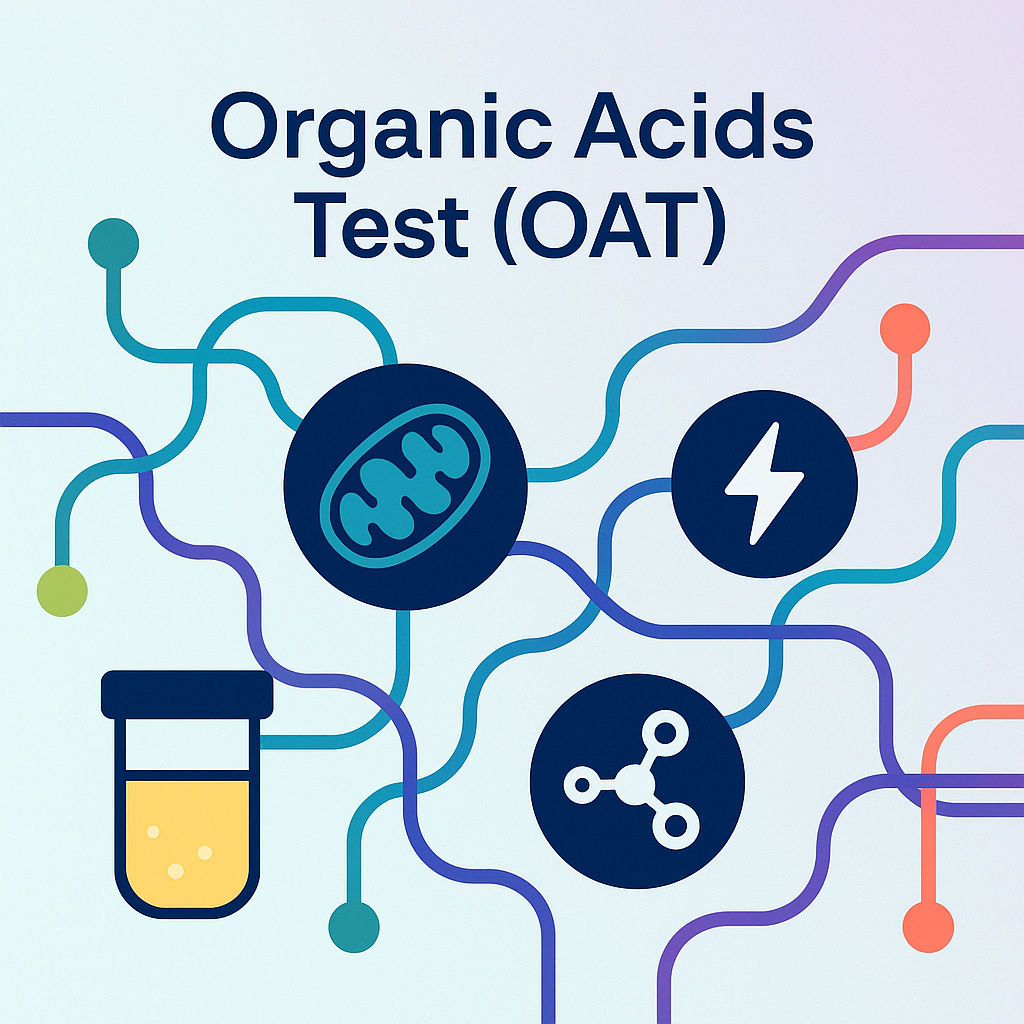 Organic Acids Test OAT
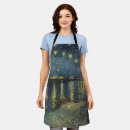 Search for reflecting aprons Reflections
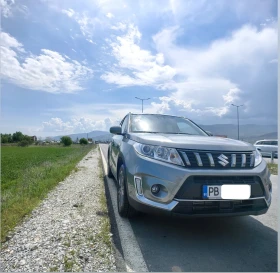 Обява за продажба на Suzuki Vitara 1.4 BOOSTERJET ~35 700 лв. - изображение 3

## Problem details
Repeat every line of the data exactly, but do not include pictures.

## Response to this exercise
 Organic Acids Test OAT
 Search for reflecting aprons Reflections
 Обява за продажба на Suzuki Vitara 1.4 BOOSTERJET ~35 700 лв. - изображение 3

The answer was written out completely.